RECORDED DATA:
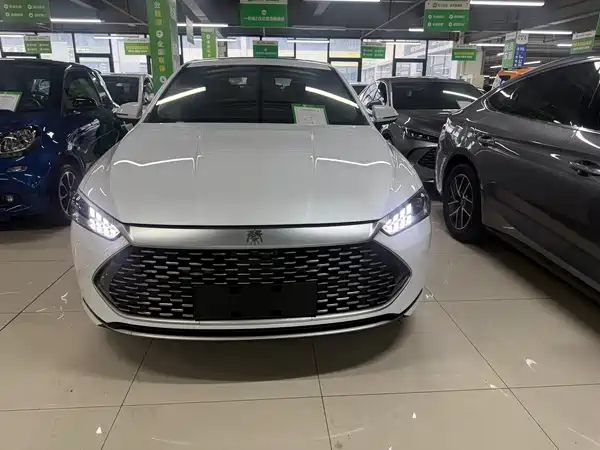 BYD Qin PLUS 2021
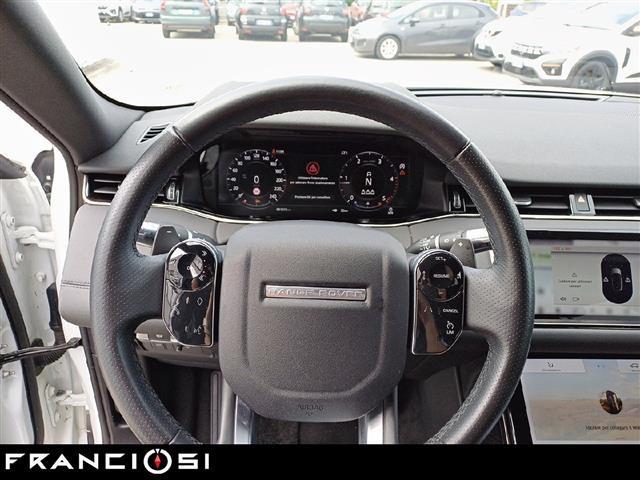 LAND ROVER Range Rover Evoque 2.0d i4 mhev R-Dynamic SE awd 180cv auto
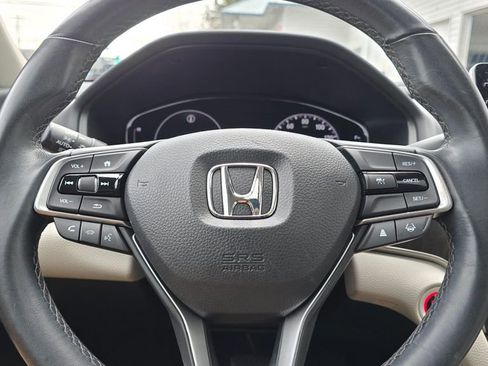 Used 2021 Honda Accord EX-L image 27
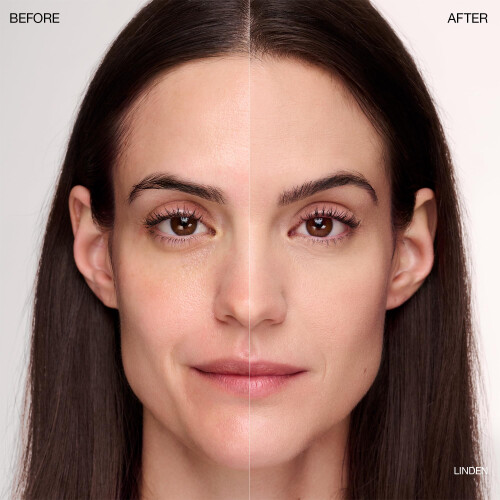 Ogee Complexion Perfecting Under Eye Concealer - Certified Organic Full Coverage Concealer - Buildable Coverage - LINDEN 1.25N - Light Beige (Neutral 2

THE PROBLEM: Across the whole listing above, repeat each line exactly and leave out the images.

EXPECTED ANSWER:
 BYD Qin PLUS 2021
 LAND ROVER Range Rover Evoque 2.0d i4 mhev R-Dynamic SE awd 180cv auto
 Used 2021 Honda Accord EX-L image 27
 Ogee Complexion Perfecting Under Eye Concealer - Certified Organic Full Coverage Concealer - Buildable Coverage - LINDEN 1.25N - Light Beige (Neutral 2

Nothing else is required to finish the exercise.